YOUR GOAL: Once the line containing "Generate a detailed" appears, output it and each remaining line of the records below exactly, with no pictures and nothing more.

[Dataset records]
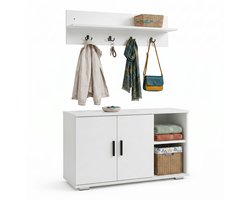 VCM Diele Garderoben Set mit Schuhschrank Sitzbank, Wandgarderobe & Hut Ablage - Gados L
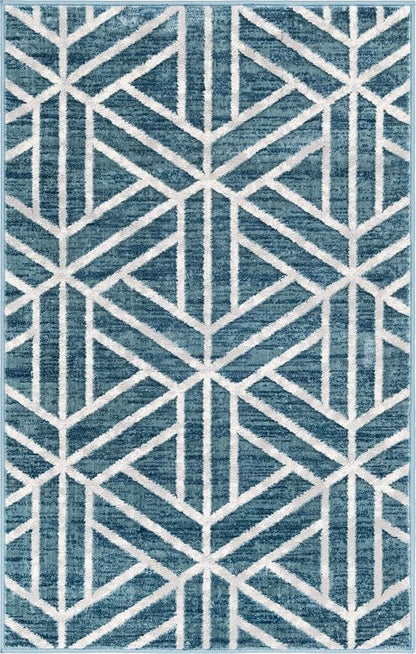 Rugs.com Lattice Trellis Collection Rug – 3' x 5' Blue Low-Pile Rug Perfect for Living Rooms, Large Dining Rooms, Open Floorplans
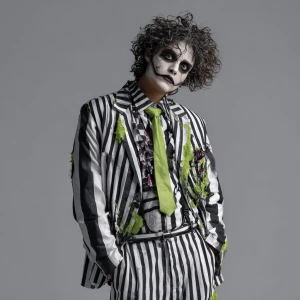 Generate a detailed image of a man in a Halloween-inspired outfi...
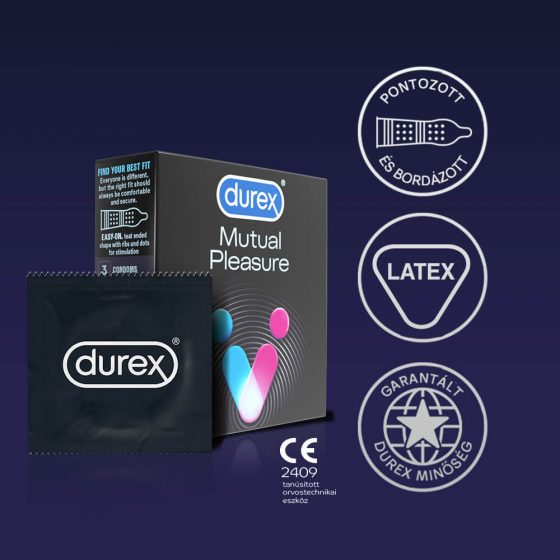 Durex Mutual Pleasure - viivitava ja stimuleeriv kondoom (3 tk)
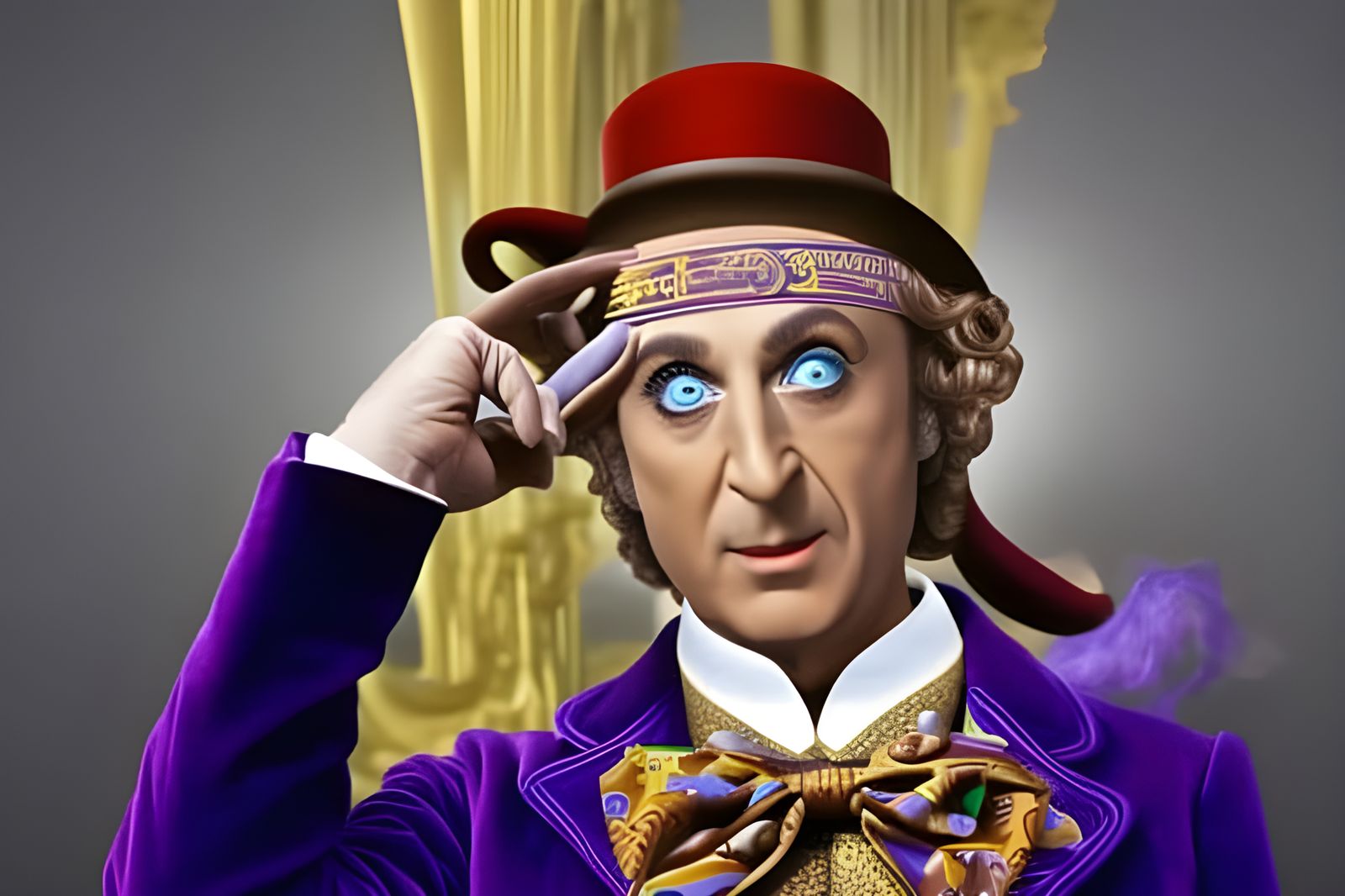 Surreal Willy Wonka Meme in a Fantasy Dreamscape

ANSWER TO THIS EXERCISE:
 Generate a detailed image of a man in a Halloween-inspired outfi...
 Durex Mutual Pleasure - viivitava ja stimuleeriv kondoom (3 tk)
 Surreal Willy Wonka Meme in a Fantasy Dreamscape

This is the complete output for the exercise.